Documentary Tradition
The Anglo-Saxons, uniquely among the early Germanic peoples, preserved royal genealogies. The earliest source for these genealogies is Bede, who in his Historia ecclesiastica gentis Anglorum (completed in or before 731)) said of the founders of the Kingdom of Kent, wrote:
The two first commanders are said to have been Hengest and Horsa ... They were the sons of Victgilsus, whose father was Vecta, son of Woden; from whose stock the royal race of many provinces deduce their original.
He similarly provides ancestry for the kings of the East Angles. An Anglian collection of royal genealogies also survives, the earliest version (sometimes called Vespasian or simply V) containing a list of bishops that ends in the year 812. This collection provides pedigrees for Deira, Bernicia, Mercia, Lindsey, Kent and East Anglia, tracing all from Woden, made the son of an otherwise unknown Frealaf.
The same pedigrees, in both text and tablular form, are included in some copies of the Historia Brittonum, an older body of tradition compiled or significantly retouched by Nennius in the early 9th century. These apparently share a common late-8th century source with the Anglian collection. Two other manuscripts from the 10th century (called CCCC and Tiberius, or simply C and T) also preserve the Anglian collection but include an addition: a pedigree for King Ine of Wessex that traces his ancestry from Cerdic, the semi-legendary founder of the Wessex state, and hence from Woden. This addition probably reflects the growing influence of Wessex under Ecgbert, whose family claimed descent from a brother of Ine. Pedigrees are also preserved in several regnal lists dating from the reign of Æthelwulf and later but seemingly based on a late-8th or early 9th century source or sources.
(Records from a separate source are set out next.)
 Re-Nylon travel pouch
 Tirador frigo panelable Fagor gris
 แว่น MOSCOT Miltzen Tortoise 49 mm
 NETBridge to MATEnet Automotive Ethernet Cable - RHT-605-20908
Finally, later interpolations (which were added by 892) to both Asser's Vita Ælfredi regis Angul Saxonum and the Anglo-Saxon Chronicle preserve Wessex pedigrees extended beyond Cerdic and Woden to Adam.
John of Worcester would copy these pedigrees into his Chronicon ex chronicis, and the 9th-century Anglo-Saxon genealogical tradition was also used as a source by Snorri Sturluson, who in the 13th century wrote his Prologue to the Prose Edda.